US: A new chapter for protectionism? - ING
A protectionist Trump administration has always been one of the main threats to the US dollar - especially for an economy carrying twin deficits and therefore heavily reliant on good relations with foreign investors for their financing, according to analysts at ING.
Key Quotes
“But that threat has shifted to reality this week given President Trump’s decision to uphold recommendations from the International Trade Commission (ITC) and slap anti-dumping tariffs on imports of washing machines and solar panels. This was the first use of Section 201 anti-dumping tariffs since 2002.”
“The ITC currently has close to 40 active investigations on anti-dumping complaints, suggesting plenty of scope to see more retaliatory tariffs from Washington this year. Welded stainless steel pipes from Korea and Taiwan could be next, according to the ITC’s website.”
“Can the US dollar serve as a trade tool?

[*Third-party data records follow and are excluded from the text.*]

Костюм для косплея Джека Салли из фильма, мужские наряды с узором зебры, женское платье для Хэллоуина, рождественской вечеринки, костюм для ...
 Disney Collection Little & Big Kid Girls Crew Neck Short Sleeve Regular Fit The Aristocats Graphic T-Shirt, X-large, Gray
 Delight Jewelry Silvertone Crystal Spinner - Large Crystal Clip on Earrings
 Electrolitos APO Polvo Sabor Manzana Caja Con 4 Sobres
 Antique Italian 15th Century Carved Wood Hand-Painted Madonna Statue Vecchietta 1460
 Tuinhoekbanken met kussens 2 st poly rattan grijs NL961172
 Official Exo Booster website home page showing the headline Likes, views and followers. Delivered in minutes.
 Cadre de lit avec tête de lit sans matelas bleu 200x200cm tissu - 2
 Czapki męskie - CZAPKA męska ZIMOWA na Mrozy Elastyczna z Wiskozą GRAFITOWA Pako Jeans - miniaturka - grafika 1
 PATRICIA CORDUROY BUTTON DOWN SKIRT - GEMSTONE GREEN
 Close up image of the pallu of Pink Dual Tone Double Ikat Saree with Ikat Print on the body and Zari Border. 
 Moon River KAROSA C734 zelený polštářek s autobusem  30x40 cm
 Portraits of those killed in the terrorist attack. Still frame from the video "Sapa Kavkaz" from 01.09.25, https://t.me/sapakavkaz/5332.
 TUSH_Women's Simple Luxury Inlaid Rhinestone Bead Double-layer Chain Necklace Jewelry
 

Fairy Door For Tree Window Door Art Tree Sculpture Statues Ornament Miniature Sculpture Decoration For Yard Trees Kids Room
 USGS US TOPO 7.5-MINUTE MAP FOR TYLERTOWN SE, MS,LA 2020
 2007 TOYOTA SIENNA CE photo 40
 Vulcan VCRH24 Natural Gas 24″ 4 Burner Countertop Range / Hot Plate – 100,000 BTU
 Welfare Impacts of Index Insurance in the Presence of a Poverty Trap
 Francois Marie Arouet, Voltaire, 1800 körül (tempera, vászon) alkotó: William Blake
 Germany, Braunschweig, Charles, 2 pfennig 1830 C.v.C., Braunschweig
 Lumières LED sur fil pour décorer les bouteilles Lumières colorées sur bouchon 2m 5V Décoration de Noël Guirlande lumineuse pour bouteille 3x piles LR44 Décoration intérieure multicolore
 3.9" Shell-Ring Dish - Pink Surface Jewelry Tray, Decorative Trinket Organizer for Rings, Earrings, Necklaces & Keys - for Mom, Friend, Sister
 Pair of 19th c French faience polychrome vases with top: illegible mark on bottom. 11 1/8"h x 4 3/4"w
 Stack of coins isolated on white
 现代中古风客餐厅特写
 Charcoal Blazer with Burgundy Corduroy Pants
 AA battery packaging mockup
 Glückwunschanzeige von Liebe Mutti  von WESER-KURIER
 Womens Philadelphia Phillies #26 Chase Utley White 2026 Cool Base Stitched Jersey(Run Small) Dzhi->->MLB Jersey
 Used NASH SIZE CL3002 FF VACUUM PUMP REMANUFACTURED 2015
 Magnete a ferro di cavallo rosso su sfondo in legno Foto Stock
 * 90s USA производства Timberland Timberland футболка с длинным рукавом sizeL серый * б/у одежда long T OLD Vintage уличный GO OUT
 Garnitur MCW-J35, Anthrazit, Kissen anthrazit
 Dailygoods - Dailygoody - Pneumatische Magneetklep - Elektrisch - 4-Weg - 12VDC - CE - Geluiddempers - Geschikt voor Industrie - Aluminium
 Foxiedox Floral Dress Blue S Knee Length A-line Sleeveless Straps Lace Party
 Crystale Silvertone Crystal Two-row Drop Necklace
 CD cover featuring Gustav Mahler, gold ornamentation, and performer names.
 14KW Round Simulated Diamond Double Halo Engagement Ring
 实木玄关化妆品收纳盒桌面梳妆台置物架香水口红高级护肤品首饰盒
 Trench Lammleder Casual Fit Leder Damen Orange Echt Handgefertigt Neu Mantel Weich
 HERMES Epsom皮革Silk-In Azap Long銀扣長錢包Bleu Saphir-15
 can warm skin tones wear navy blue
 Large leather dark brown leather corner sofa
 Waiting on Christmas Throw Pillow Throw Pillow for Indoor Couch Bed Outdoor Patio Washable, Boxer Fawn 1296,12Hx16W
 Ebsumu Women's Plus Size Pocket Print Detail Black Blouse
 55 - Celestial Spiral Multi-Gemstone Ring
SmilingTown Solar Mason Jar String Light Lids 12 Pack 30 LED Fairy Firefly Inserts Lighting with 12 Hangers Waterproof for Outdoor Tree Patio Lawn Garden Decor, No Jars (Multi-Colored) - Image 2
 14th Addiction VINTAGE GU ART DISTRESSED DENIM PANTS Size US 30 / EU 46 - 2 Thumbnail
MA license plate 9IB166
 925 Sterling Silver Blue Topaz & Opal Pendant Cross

Mnuchin’s comments have contributed to the dollar selling this week and raise questions as to whether the Trump administration's plan is to use the dollar as a trade tool. Typically, Republican administrations are worse for the dollar – especially during the second and third years of the four-year Presidential term. In practice, that sees Republican administrations shift from a ‘strong dollar policy’ embraced by the Democrats to a policy that FX rates should be freely determined by the markets.”
“Bottom line: Hard to put the 'weak dollar' genie back in the bottle
With investors wary of protectionism, it will be hard for Washington to put the weaker dollar genie back in the bottle. We are already targeting EUR/USD at 1.30 year-end (and 1.35 in 2019) on a benign dollar decline, with USD/JPY potentially moving to as low as 90 by end-2019 (base forecast currently 105). A malign decline - and the addition of a protectionist risk premium - may require us to cut our dollar forecasts further still.”